Nous sommes ici pour un instant d'admiration. Celui de savoir dans les mots du philosophe Spinoza, non chrétien (XVIIe siècle), que nous savons et nous sentons que nous sommes éternels. Ne dites pas mourir. Dites naître, écrivait Victor Hugo.

Un instant d'admiration. Humains, nous sommes conscients qu'il y a quelque chose de plus grand que la mort. Il y a en nous une source de vie que rien ne peut éteindre, une vie d'une autre nature que mortelle. Notre existence n'est pas un fatal compte à rebours, mais cache en elle les prémices d'une vie autre, sans fin. Telle est la merveille qui nous rassemble.  Tout n'est que naissance. Pour chacun d'entre nous, naître c'est naître en vue de renaître, en vue de ressusciter. Nous allons vers notre origine. Nous naissons pour naître à jamais. Tout n'est que genèse. Tout n'est que commencement.

Avouons-le. Devant la mort, nous avons des yeux obstrués par des cataractes. Nous ne voyons qu'une urne avec un peu de cendre. Il nous faut voir avec le cœur. On ne voit bien qu'avec le cœur, disait le Petit Prince qui ajoutait: l'essentiel est invisible aux yeux. Le renard ajoute: les hommes ont oublié cette vérité. Toi, tu ne dois pas l'oublier. C'est le regard que nous posons sur la mort qui nous sauve de toute déprime.

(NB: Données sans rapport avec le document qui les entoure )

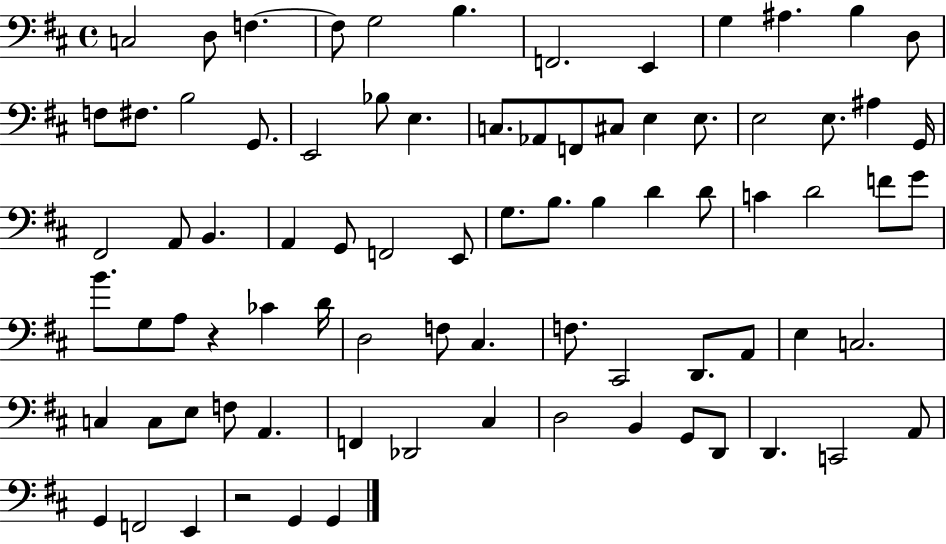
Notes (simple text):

La foi chrétienne nous apprend que quelque chose est arrivé à Jésus. Ce quelque chose, a  fait dire au prieur Christophe de Tibhirine, assassiné en Algérie et dont le film Des hommes et des dieux a ravi la planète: je suis ressuscité, je peux donc mourir. Jésus a goûté la mort (He 2, 9) pour que nous puissions goûter la vie, voilà ce qui est arrivé à Jésus; il a tué la mort qui tuait nos vies. Quelqu'un écrivait au Ve siècle, et c'est très beau, trop beau peut-être pour nos oreilles étourdies par la culture de l'éphémère, du jeter après usage, que notre corps mortel a été divinisé, que la poussière a été rénovée (Gn 2,7), la cendre a été divinisée.

Ce qui nous rassemble, c'est une espèce de vie nouvelle.  Je vous offre mes yeux de croyant. Je vous offre de projeter sur ce départ des yeux de Pâques, des yeux qui voient que nos jours s'en vont; mais Dieu offre de les prolonger en les faisant entrer dans [son jour éternel] (Augustin Guillerand). 

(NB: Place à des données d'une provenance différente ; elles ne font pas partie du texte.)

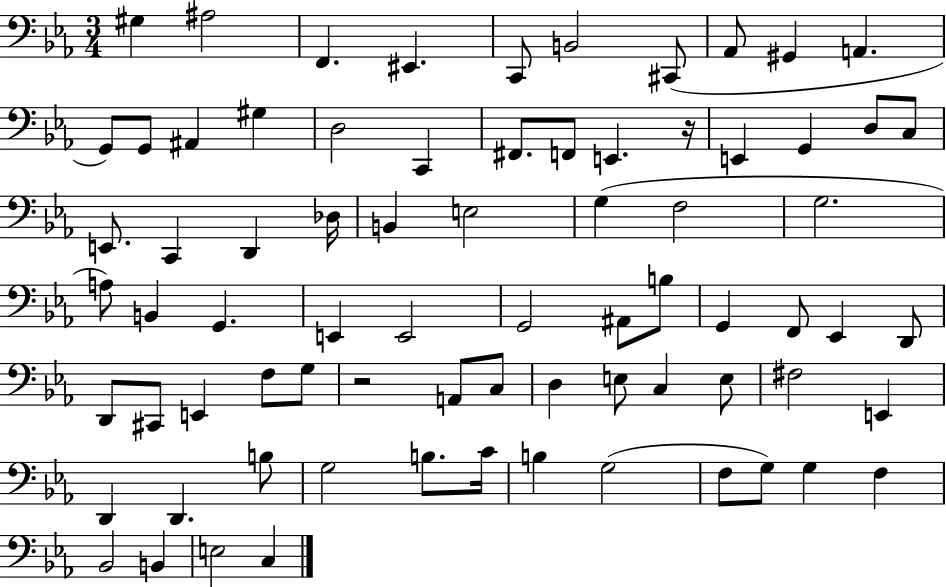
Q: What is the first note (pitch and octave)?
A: G#3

Devant la mort, certains d'entre nous peut-être, voient un chemin sans issue qui se referme définitivement et qui ne conduit nulle part. Ce n'est pas le regard du croyant pour qui la mort est une porte, un chemin qui s'ouvre sur un jour nouveau, une terre nouvelle. Un jour, dit l'Apocalypse,  où je ferai toutes choses nouvelles […], il n'y aura plus de mort; il n'y aura plus de deuil, ni de souffrance; les choses anciennes auront disparu.

Je ne vous impose pas cette vision. Je la dépose dans la corbeille de vos cœurs où se trouvent mélangées questions, tristesses, espérances.

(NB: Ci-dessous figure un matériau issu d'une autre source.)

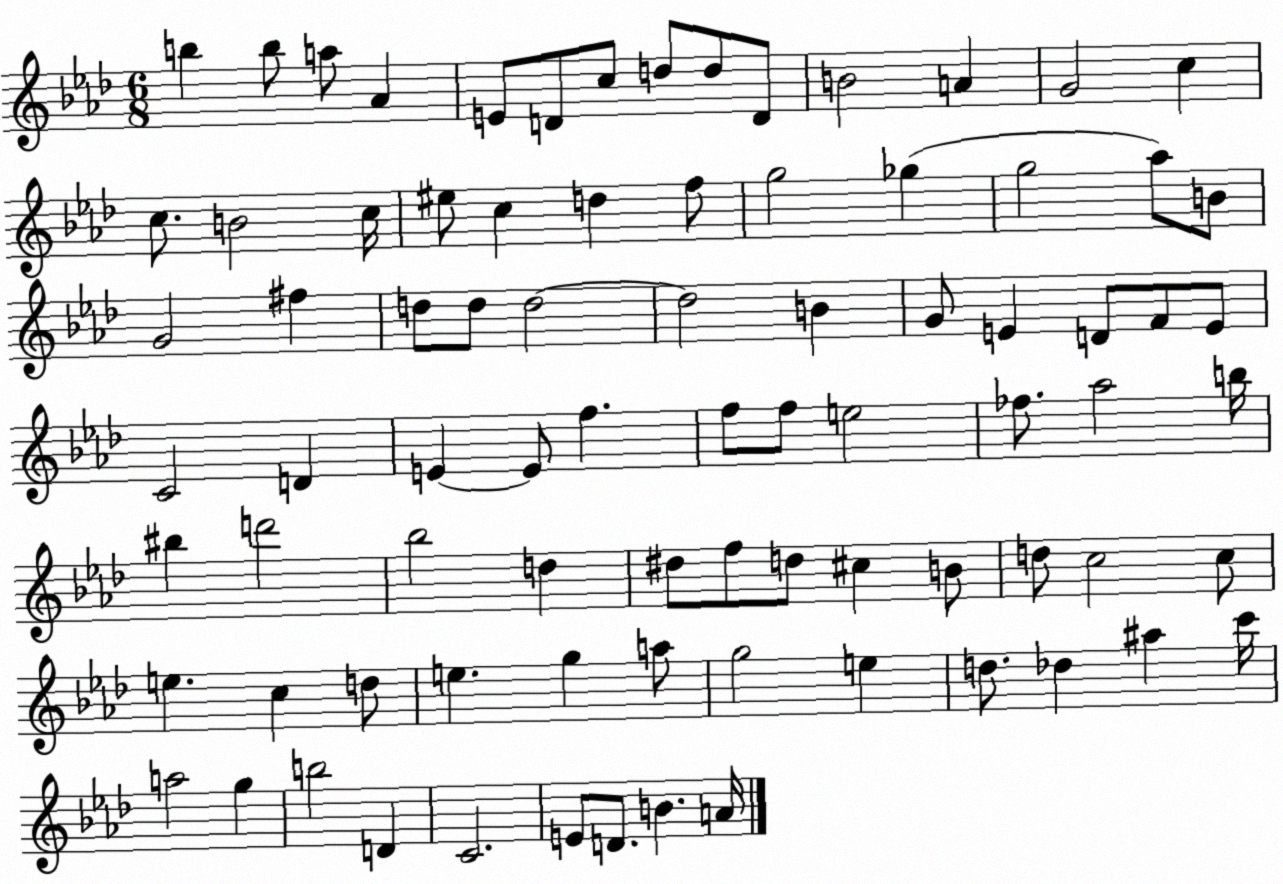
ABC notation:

Retenons ces mots de cette femme de chez nous, Christiane Singer, qui, atteinte d'une maladie incurable, écrivait  dans Derniers fragments d’un long voyage, Éd. Albin Michel, 2007, p. 28.) : Ceux qui voient dans la maladie un échec, dans la mort une fin n'ont pas encore commencé à vivre.  Ceux qui prônent le droit à mourir en dignité n'ont pas encore commencé à vivre.

Devenons recueillement. Entrons dans le grand mystère de la vie qui n'est pas détruite, mais transformée (préface).

ORAISON

Seigneur, sois attentif à notre prière pour notre sœur Jacqueline qui retourne chez elle, près de Toi.

Accueille-là à ta Table, comme elle a su si bien nous accueillir à sa propre table durant sa longue vie.

Un jour,  tu nous as donné cette femme, Jacqueline. Maintenant, tu la reprends pour qu'elle chante ta gloire. Que ton nom soit béni !

Malgré notre tristesse, ouvre nos cœurs et fais-nous entendre ta Parole d'espérance, toi qui es vivant avec le Père et le Saint-Esprit, maintenant et pour les siècles des siècles. AMEN.

 HOMÉLIE  À PARTIR DE JEAN 14, 1-12:

Il est urgent aujourd'hui de refonder sa vie sur la beauté. De nous remettre en état de contemplation de la beauté. Nous sommes envahis par des scènes de désolation de toute sorte qui finissent par ronger notre regard. L'urgence est de refonder notre vie sur la beauté.

Cela peut étonner, mais ce que l'évangile apporte à notre monde, c'est un regard de beauté. Il nous faut retrouver ce regard. On a écrit: la beauté sauvera le monde (Madeleine Delbrel). Cette page tirée de l'évangéliste Jean, ouvre sur la beauté d'un chemin. Ce qui fait le charme de ce chemin, c'est qu'il comporte plusieurs avenues, plusieurs artères, celle de l'entraide, de la compassion, de la charité, de la justice, de la joie. Nous ne finirons jamais de découvrir et d'être fascinés par la beauté de ces avenues qui ouvrent  la beauté des beautés qu'est Dieu.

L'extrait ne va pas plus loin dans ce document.